=== Dataset extract ===

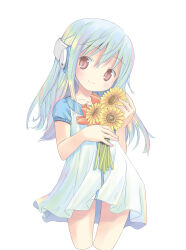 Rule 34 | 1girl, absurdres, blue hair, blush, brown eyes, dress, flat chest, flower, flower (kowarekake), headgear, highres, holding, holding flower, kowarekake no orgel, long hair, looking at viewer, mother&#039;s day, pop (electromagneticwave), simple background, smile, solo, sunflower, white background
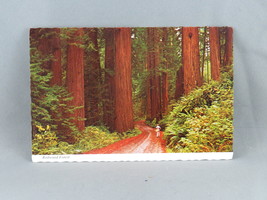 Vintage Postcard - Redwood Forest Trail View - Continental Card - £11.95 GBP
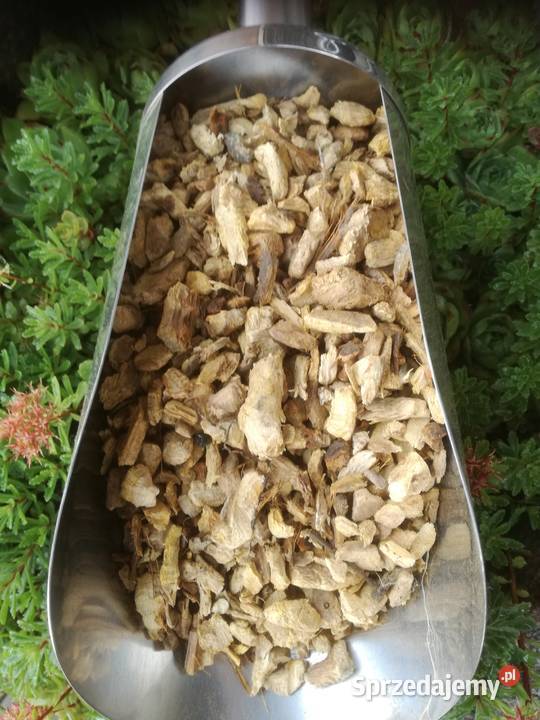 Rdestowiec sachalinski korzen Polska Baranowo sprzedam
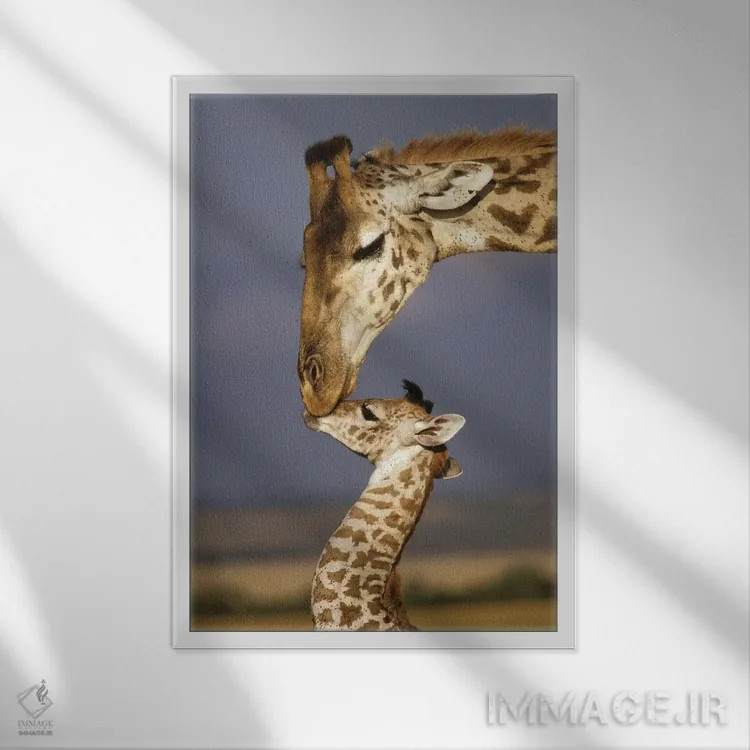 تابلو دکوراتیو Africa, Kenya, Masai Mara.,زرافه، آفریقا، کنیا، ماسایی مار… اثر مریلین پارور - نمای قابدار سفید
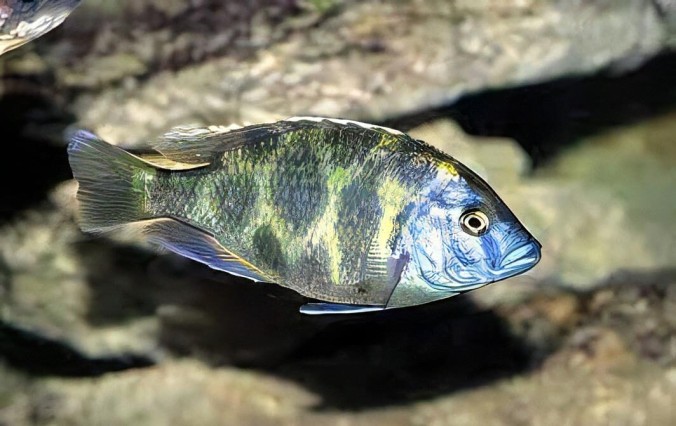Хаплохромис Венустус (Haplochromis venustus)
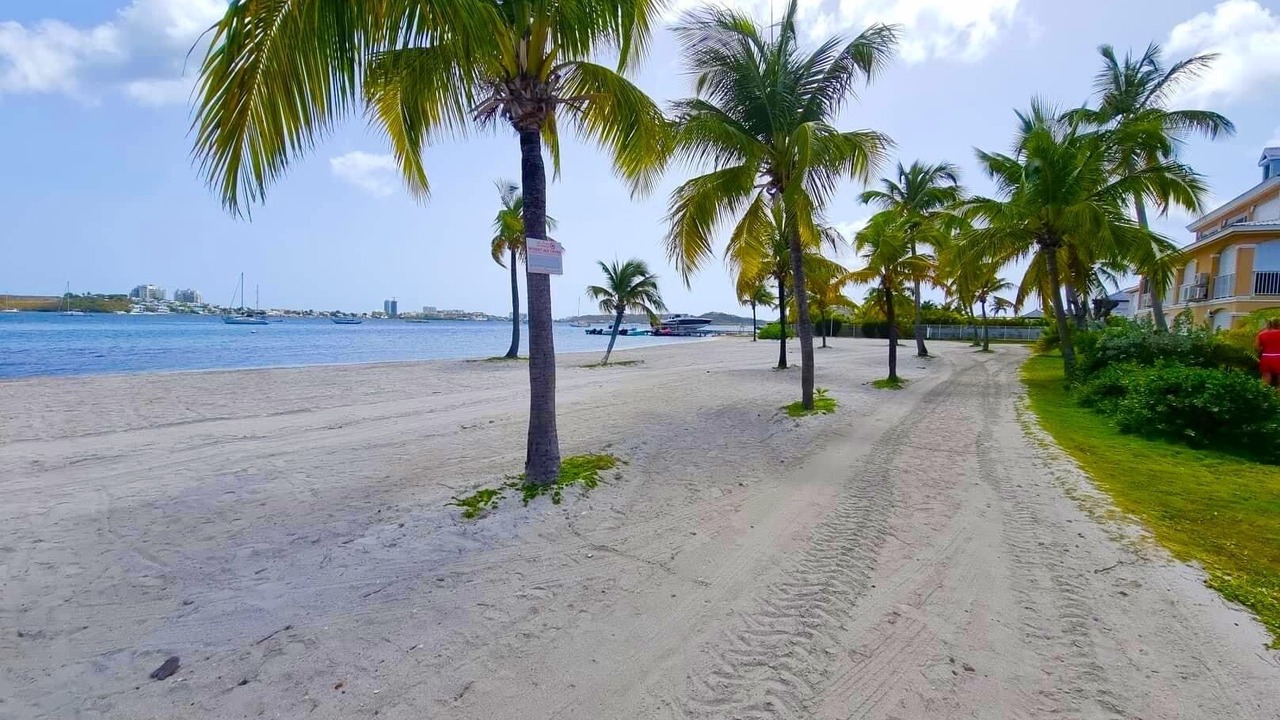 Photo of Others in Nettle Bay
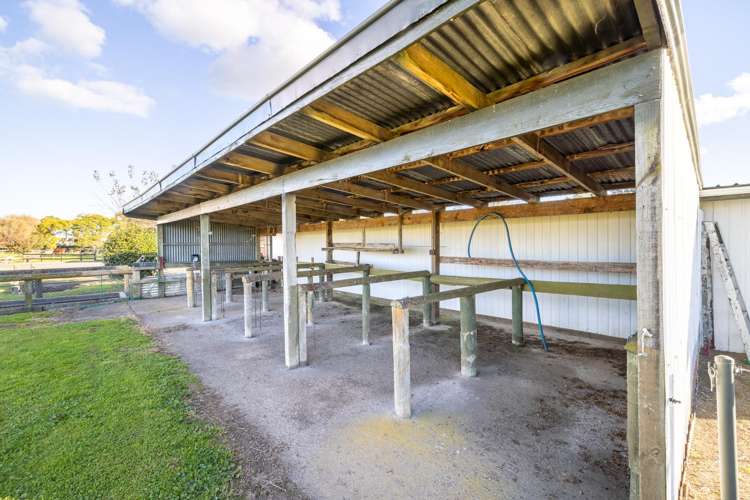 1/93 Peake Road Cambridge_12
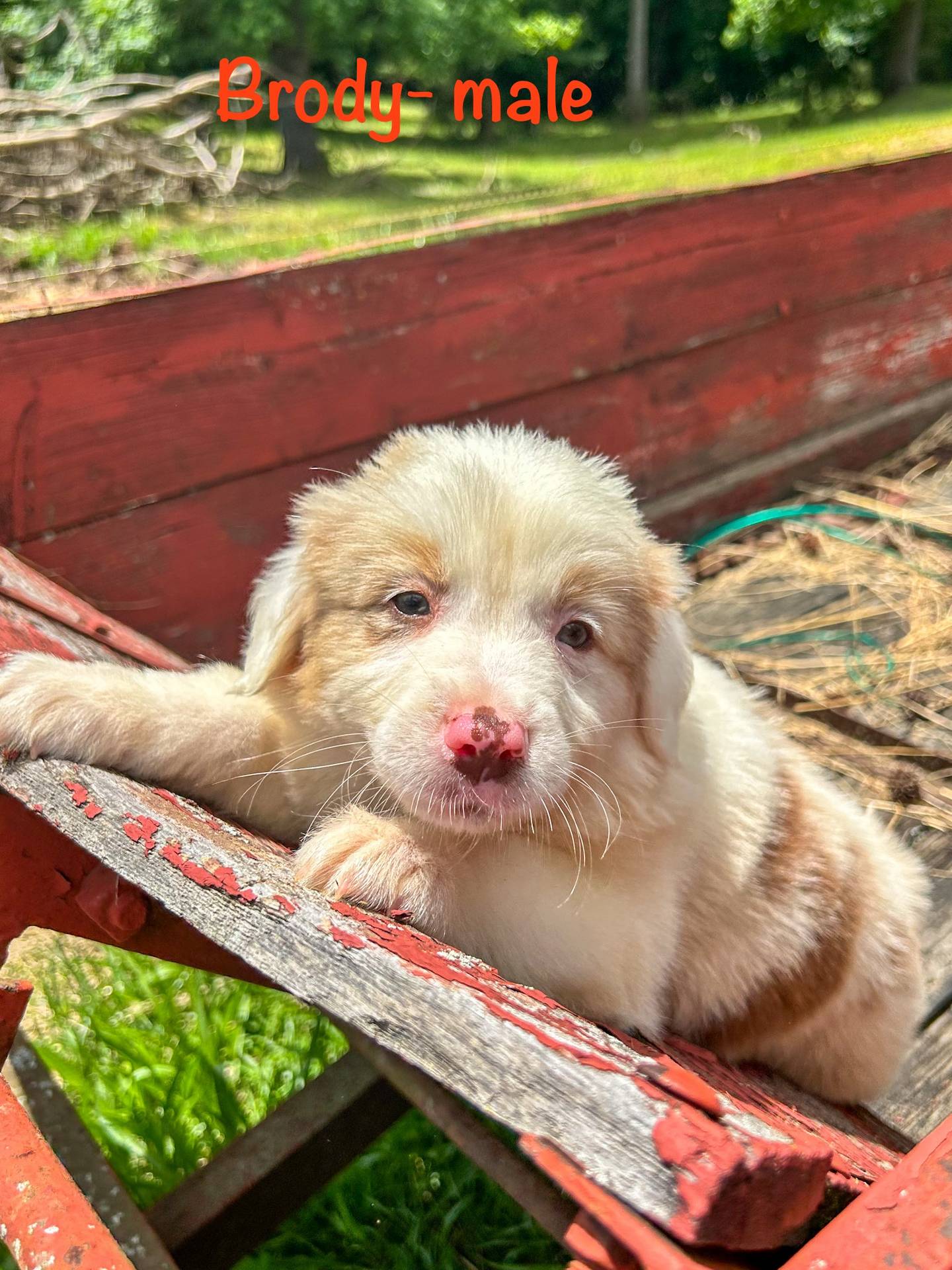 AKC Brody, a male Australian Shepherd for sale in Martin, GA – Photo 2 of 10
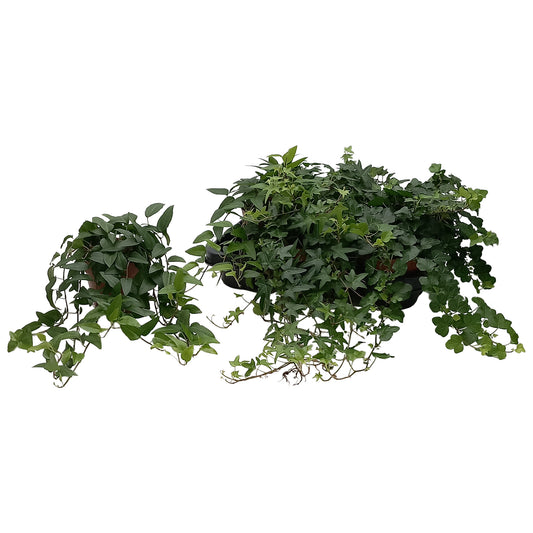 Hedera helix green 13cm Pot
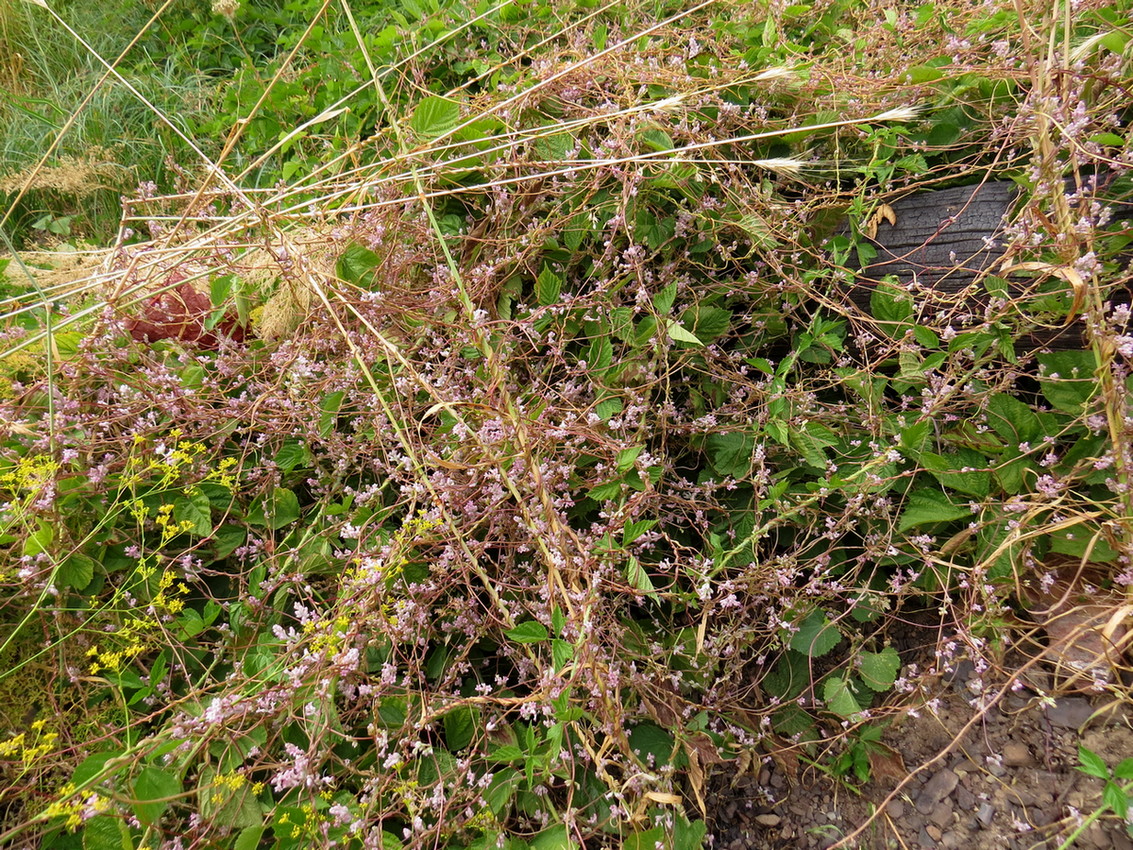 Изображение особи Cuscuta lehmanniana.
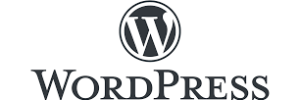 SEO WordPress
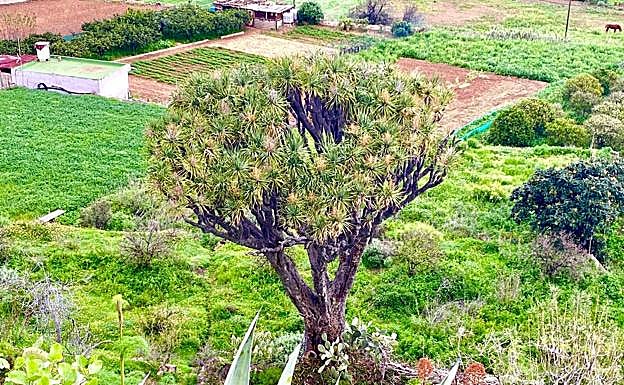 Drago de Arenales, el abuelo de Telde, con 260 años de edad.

===

What to work on =
The reply must hold each line of the records verbatim and no pictures.

Solved exercise =
 Rule 34 | 1girl, absurdres, blue hair, blush, brown eyes, dress, flat chest, flower, flower (kowarekake), headgear, highres, holding, holding flower, kowarekake no orgel, long hair, looking at viewer, mother&#039;s day, pop (electromagneticwave), simple background, smile, solo, sunflower, white background
 Vintage Postcard - Redwood Forest Trail View - Continental Card - £11.95 GBP
 Rdestowiec sachalinski korzen Polska Baranowo sprzedam
 تابلو دکوراتیو Africa, Kenya, Masai Mara.,زرافه، آفریقا، کنیا، ماسایی مار… اثر مریلین پارور - نمای قابدار سفید
Хаплохромис Венустус (Haplochromis venustus)
 Photo of Others in Nettle Bay
 1/93 Peake Road Cambridge_12
 AKC Brody, a male Australian Shepherd for sale in Martin, GA – Photo 2 of 10
 Hedera helix green 13cm Pot
 Изображение особи Cuscuta lehmanniana.
 SEO WordPress
 Drago de Arenales, el abuelo de Telde, con 260 años de edad.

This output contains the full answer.